Ayleen Schinko and Walter Vogler. Fault-Free Refinements for Interface Automata

A refinement preorder for a model of concurrent systems should be compositional (i.e. a precongruence for parallel composition) and should not introduce faults into a fault-free specification. Arguably, if these are the features of interest, the coarsest such precongruence is the optimal refinement preorder and often, it preserves additional properties.
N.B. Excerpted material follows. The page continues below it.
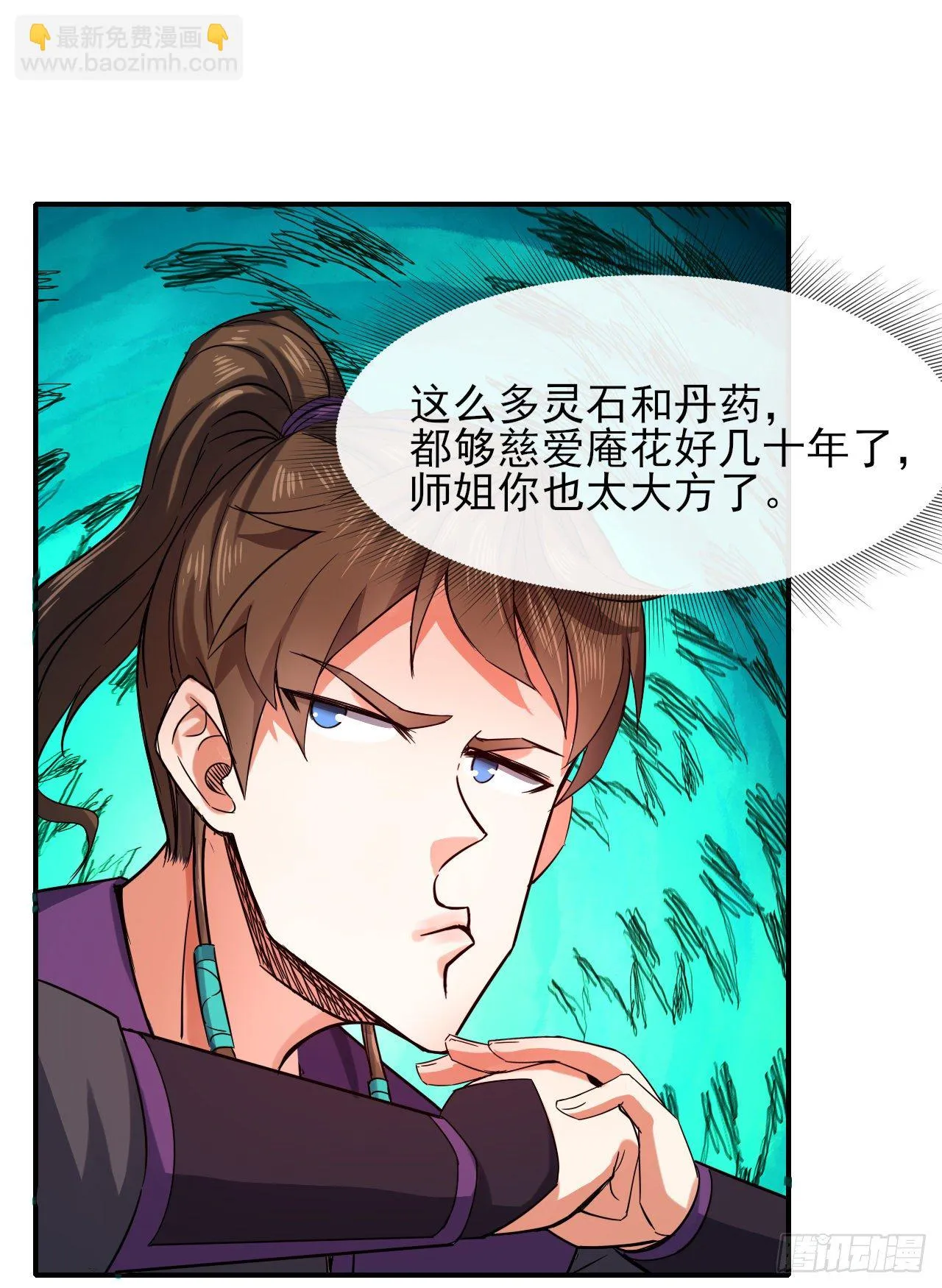 173咋渡劫呀 第24页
For the model of interface automata, originally faults are communication errors in the form of unexpected inputs. The respective optimal preorder has been characterized as the inclusion of two trace sets. Here, we extend these characterizations by regarding also quiescence (quiescence and divergence resp.) as faults. The latter preorder is coarser, i.e. better, than an earlier preorder regarding errors, quiescence and divergence. A conjunction operator allows to specify different facets of an overall specification by separate automata and then to combine them. We also present conjunction operators for our settings, avoiding flaws that can be found in the literature.

Bram van der Sanden, Marc Geilen, Michel Reniers and Twan Basten. Partial-Order Reduction for Performance Analysis of Max-Plus Timed Systems

This paper presents a partial-order reduction method for performance analysis of max-plus timed systems. A max-plus timed system is a network of automata, where the timing behavior of deterministic system tasks (events in an automaton) is captured in (max,+) matrices. These tasks can be characterized in various formalisms like synchronous data flow, Petri nets, or real-time calculus. The timing behavior of the system is captured in a (max,+) state space, calculated from the composition of the automata. This state space may exhibit redundant interleaving with respect to performance aspects like throughput or latency. The goal of this work is to obtain a smaller state space to speed up performance analysis. To achieve this, we first formalize state-space equivalence with respect to throughput and latency analysis. Then, we present a way to compute a reduced composition directly from the specification. This yields a smaller equivalent state space. We perform the reduction on-the-fly, without first computing the full composition. Experiments show the effectiveness of the method on a set of realistic manufacturing system models.

Loic Helouet, Hervé Marchand and John Mullins. Concurrent secrets with quantified suspicion

A system is considered as opaque if behaviors that should be kept secret cannot be discovered by any user of the system. Deciding opacity of distributed systems was originally addressed as a boolean question, and then extended to a probabilistic setting.

This paper considers a different quantitative approach that measures the efforts that a malicious user should make to discover a secret. This effort is measured as a distance w.r.t a regular profile specifying a normal behavior. This leads to several notions of quantitative opacity. When attackers are passive, i.e. they only observe the system, quantitative opacity can be brought back to a language inclusion problem, and is PSPACE-complete. When attackers are active, i.e. perform particular actions leading to secret leakage within a finite horizon, quantitative opacity becomes a partial observation quantitative game, where an attacker wins if it has a strategy to learn a secret without deviating too much from its profile. Within this active setting, the complexity of opacity is EXPTIME-complete.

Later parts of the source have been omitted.